O delegado foi até a casa da vizinha e lá estava Fifi tomando um cafezinho, como se nada estivesse acontecendo.
- Bom dia, senhora. Gostaria de fazer umas perguntas ao seu convidado.
- Se o senhor está se referindo a minha pessoa devo adiantar que nada tenho a declarar, apenas prestei um favor atendendo ao pedido de minha tia.
- Que pedido?
- O de ir buscá-la na tal clínica.
- E os trotes? E o Bolo oco?
- Não tenho nenhuma participação nisso e estou muito decepcionado com todos.

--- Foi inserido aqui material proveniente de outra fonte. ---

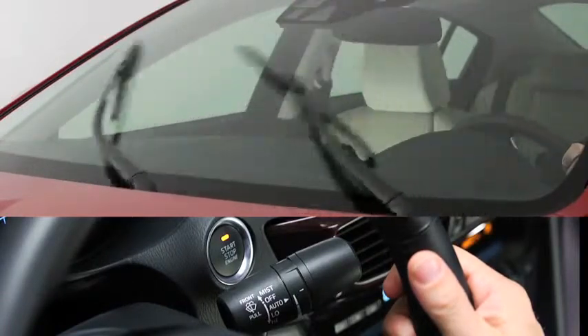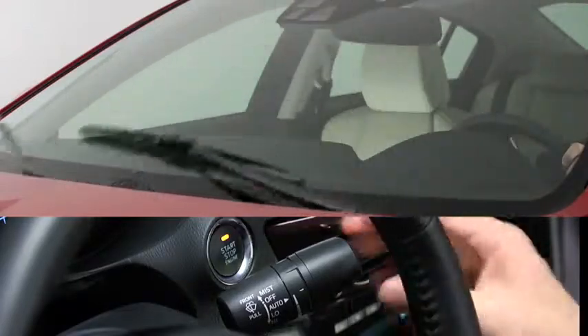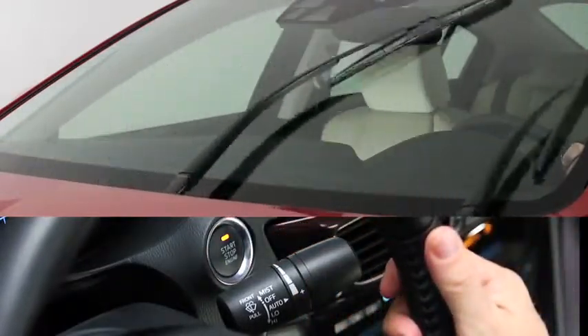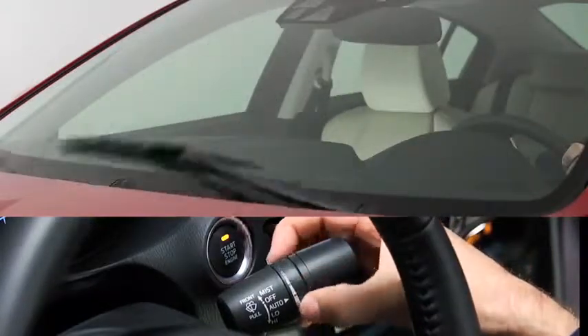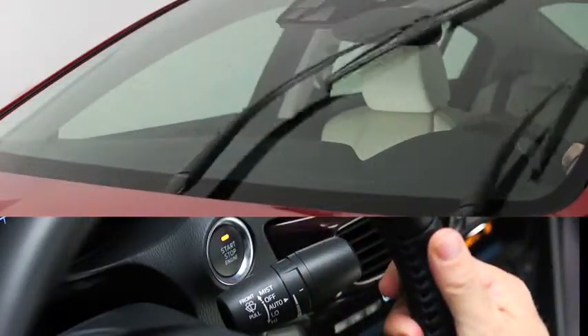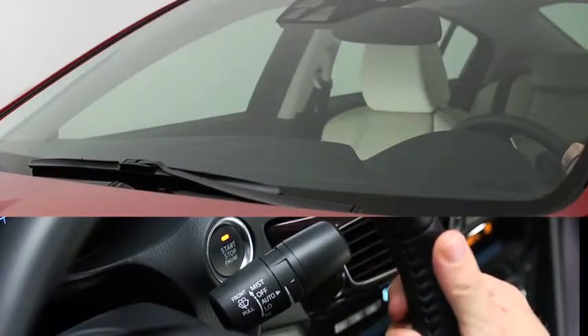The sensitivity of the rain sensor can be adjusted by turning the inner ring on the wiper lever. Rotate the ring upward for a faster response or rotate it downward for a slower response. Turn the automatic wipers off when going through a car wash or when cleaning or touching the windshield.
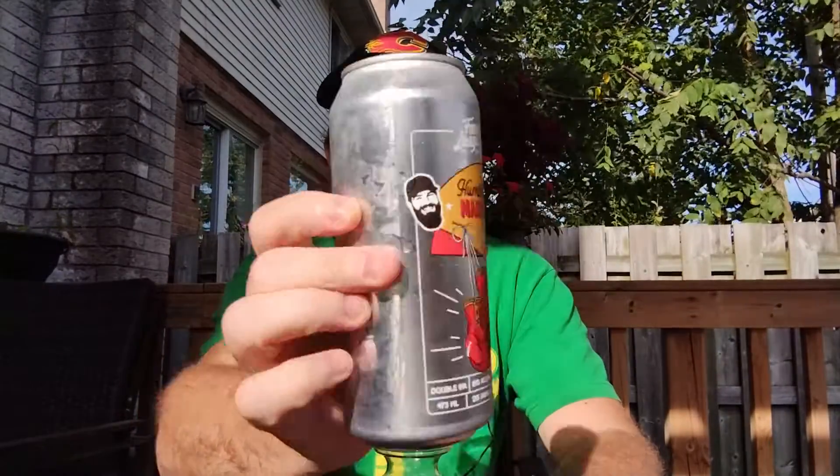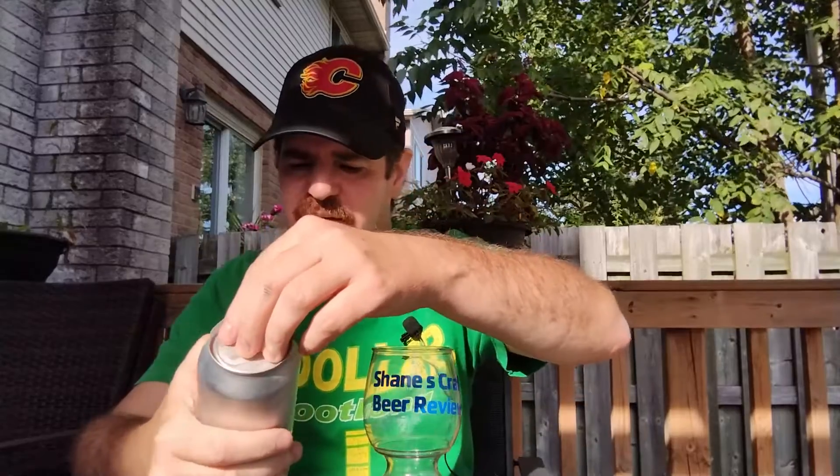Hey everybody, welcome back to another episode of Shane's Craft Beer Review. Today I'm going to do a beer that I got from my buddy Drew over at Beer for Breakfast, Back for Snacks. I actually forgot it was in my fridge for a couple weeks. Today we are doing the Humble Maker Double IPA — it's got a couple guys on there with boxing gloves. Strong beer, 8.1% alcohol by volume. That is definitely a Double IPA.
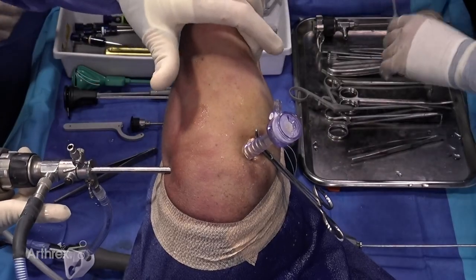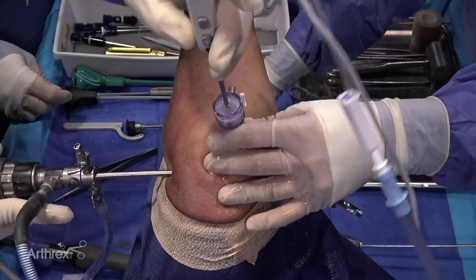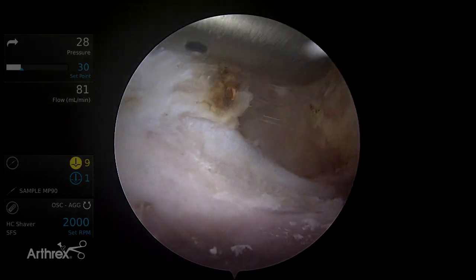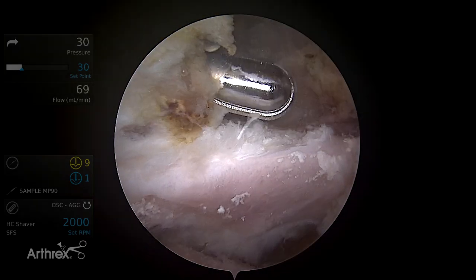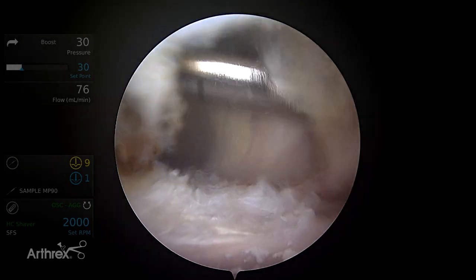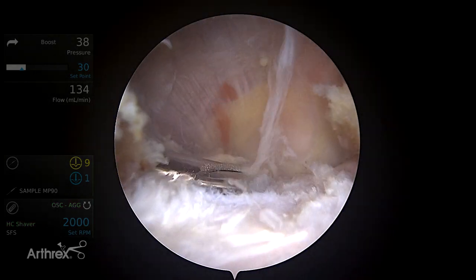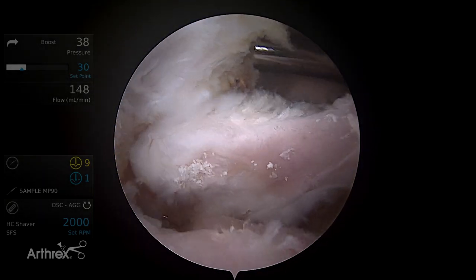The next step is to open the rotator interval and clear the subcoracoid space so that we can assess it and create a space for placement of our medial anchor. It's easiest to first do this with a cautery, feeling for the coracoid anteriorly. Once that space is cleared, redirect a shaver anterior to the comma tissue. I can use a posterior lever push to provide a little more room. Once I've accessed that space, it's advantageous to move to a 70-degree scope, which provides a better aerial view down the subscapularis tendon.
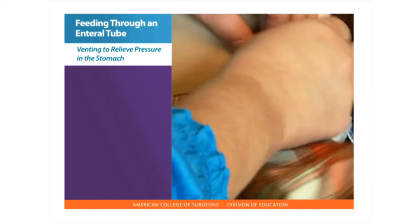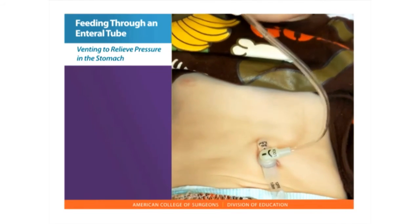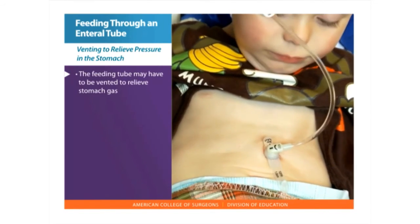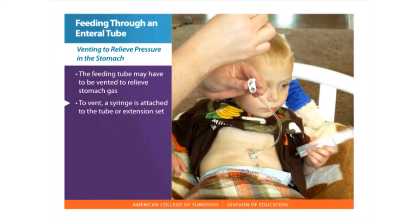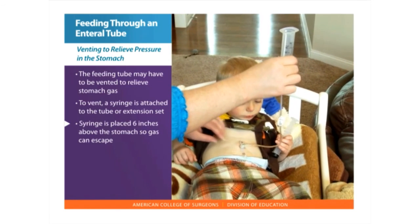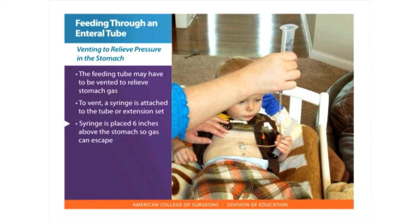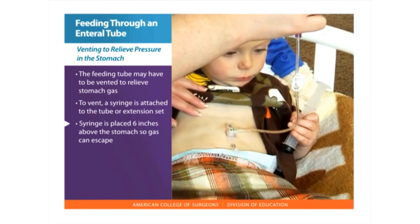Venting or burping to relieve pressure in the stomach. If you or a family member feels bloated before, during, or after feeding, the feeding tube may have to be vented to relieve the stomach gas. To vent, a syringe is attached to the tube or extension set. The syringe is placed about six inches above the stomach so gas can escape. The stomach contents can also pass up and down the syringe but won't spill over.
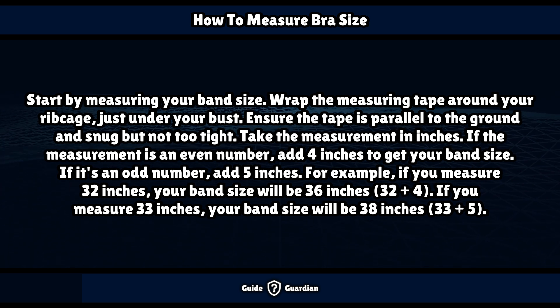If the measurement is an even number, add 4 inches to get your band size. If it's an odd number, add 5 inches. For example, if you measure 32 inches, your band size will be 36 inches (32 plus 4). If you measure 33 inches, your band size will be 38 inches (33 plus 5).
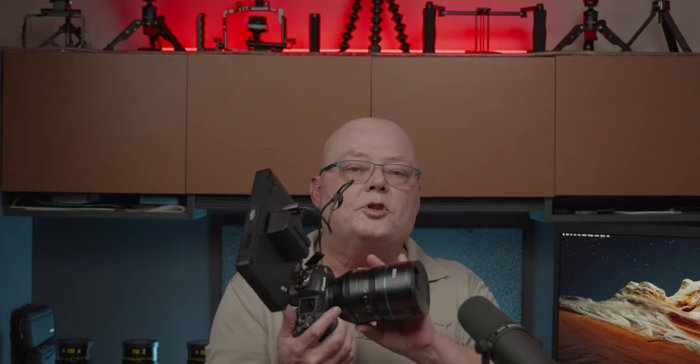Let me get to the nitpicky stuff. First of all, it's a metal housing — fantastic, this thing is built solid. The focus ring is nice and smooth. The aperture ring is a little stiff for my liking, but hopefully that'll loosen up over time. My biggest complaint, which I also posted on their Indiegogo site, is the lens caps. I get better lens caps with a $100 lens than with this nice full-frame anamorphic lens — why cheap out on the lens caps?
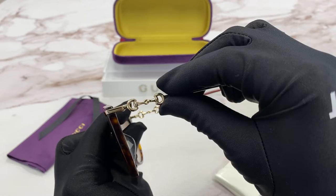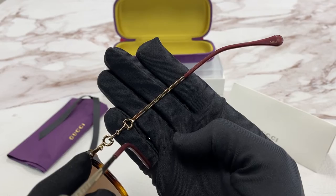On the temple, you'll see the golden horse bit and the Gucci logo. On the inside, you'll see it's made in Italy and the serial number is right here.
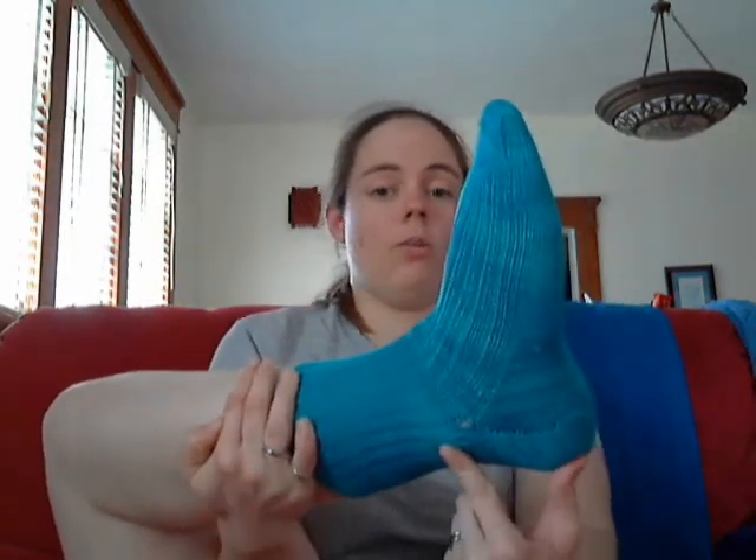This was something I discovered later on — the optimal length for a heel flap sock is to have your heel flap be as long as your ankle bone. Since it's a little bit too short in that regard, the sock will bunch up around my ankles to a certain extent. But overall it was pretty well fitting, considering I didn't really know what I was doing.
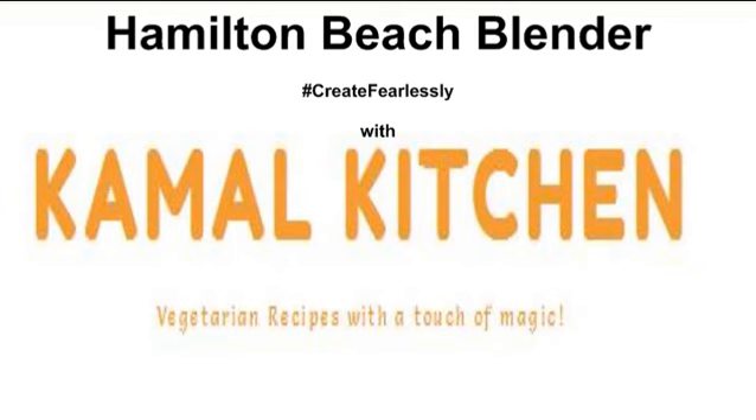Hey folks, hello and welcome to Kamal Kitchen. My name is Pragati and today we are going to talk about the fabulous multi blender that the folks at Hamilton Beach have sent me.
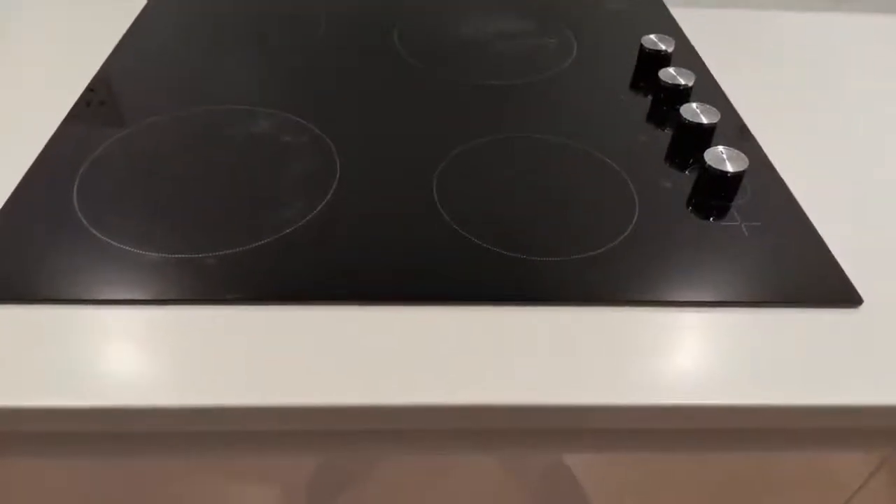So when you come to use your hob, the first thing you need to do is make sure that the hob is turned on at the wall. If it is in the off position, the hob will not work.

- Isso não vai ficar assim – disse o delegado pensando mais nos trotes que no Bolo e voltou para casa de Esmeraldina.
 Chegando lá encontrou a casa mais calma. A Deusa Higea com o neto no colo e os outros planetas tentando voltar à posição de alinhamento. Ninguém se atrevia a perguntar pelo sinal extirpado. Haveria realmente um sinal?
De repente um telefonema, sem identificação. Uma voz meio falsete, no celular de seu Frederico, que estava sobre a mesinha da sala e foi atendido pelo filho mais velho, perguntava assim: gostou do bolo querido?
O filho não quis revelar o ocorrido e disse que foi engano, olhando para o pai, que estava da cor da parede recém pintada de branco gelo.
Logo depois Fifi foi entrando, olhando para todos, com ar teatral de decepção.
E o delegado saiu prometendo desvendar aquele mistério.
Mas, esse é o tipo de mistério que só uma mulher pode decifrar.